[Directions for this task]:
Copy the data exactly; pictures stay out of the copy.

[Supplied information]:
[Start of Attachment]

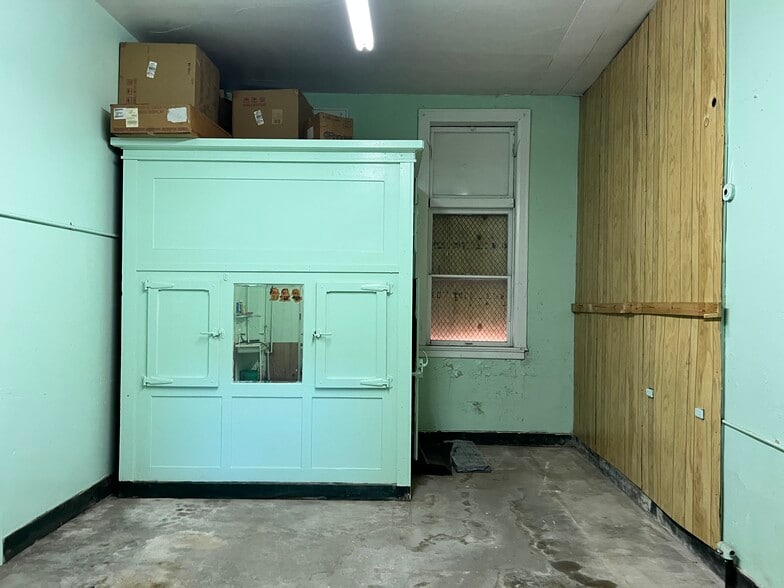 More Photos Of 820 W Broadway St, Muskogee Flex For Sale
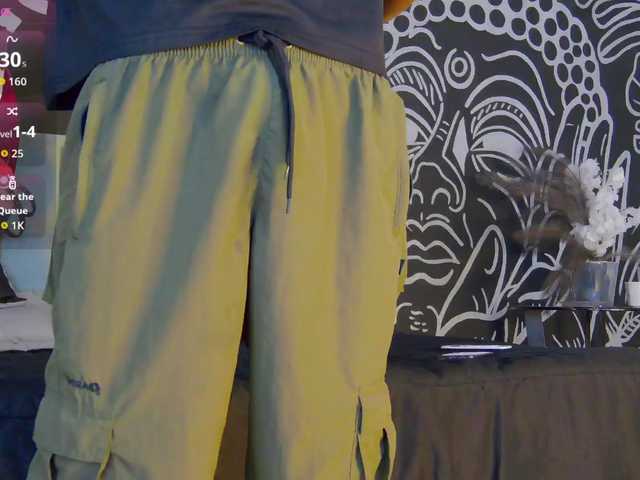 Maxi-max0 live webcam show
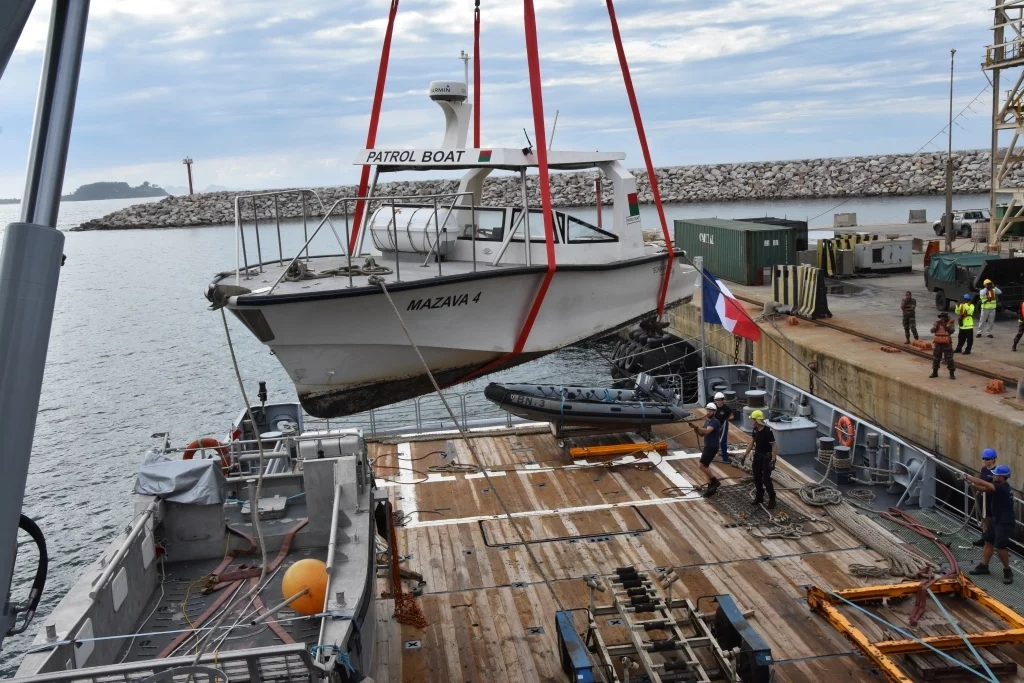 Le Champlain embarque une vedette destinée à Madagascar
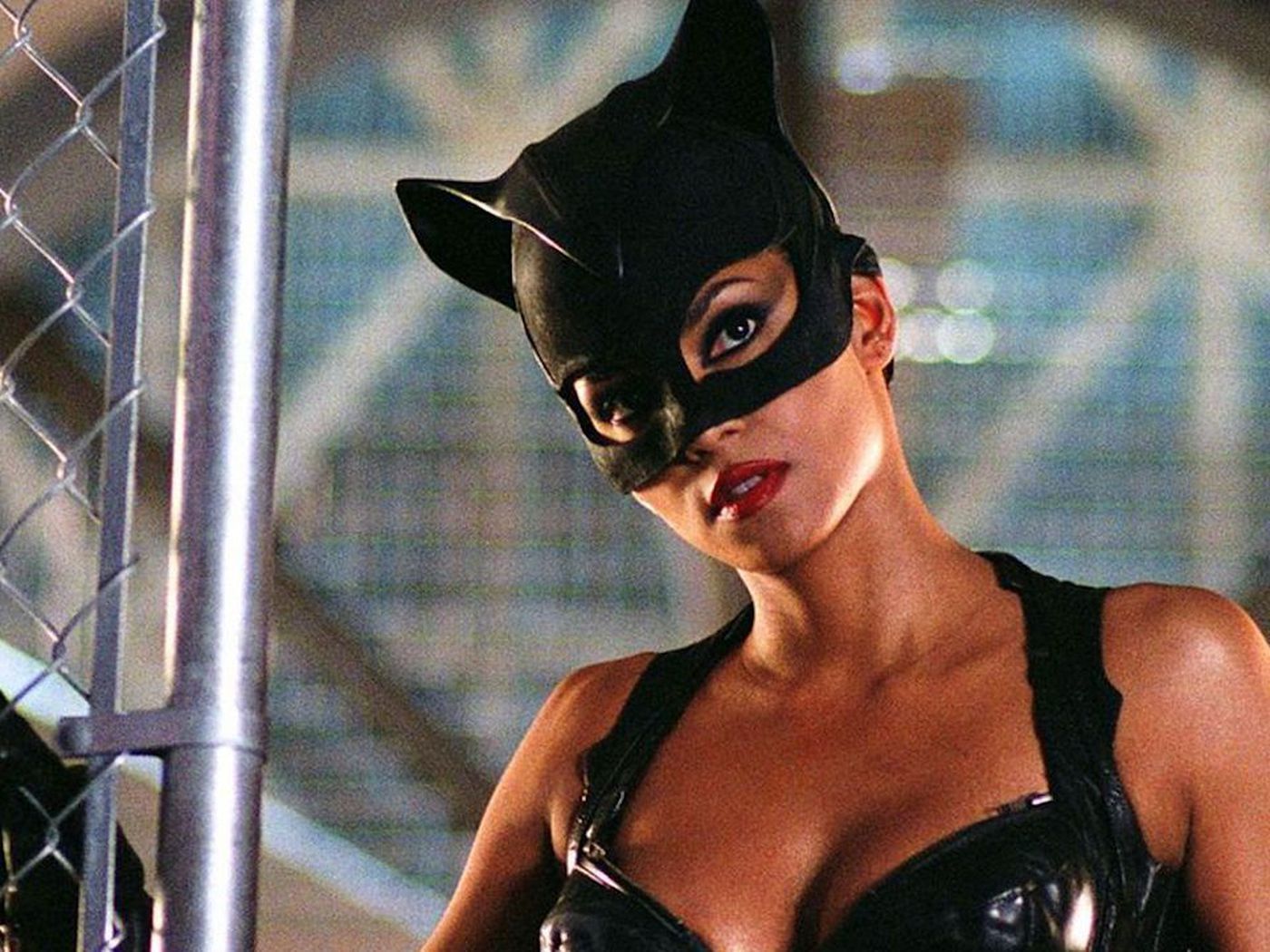 catwoman-halle-berry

[End of Attachment]

[Result of the task]:
 More Photos Of 820 W Broadway St, Muskogee Flex For Sale
 Maxi-max0 live webcam show
 Le Champlain embarque une vedette destinée à Madagascar
 catwoman-halle-berry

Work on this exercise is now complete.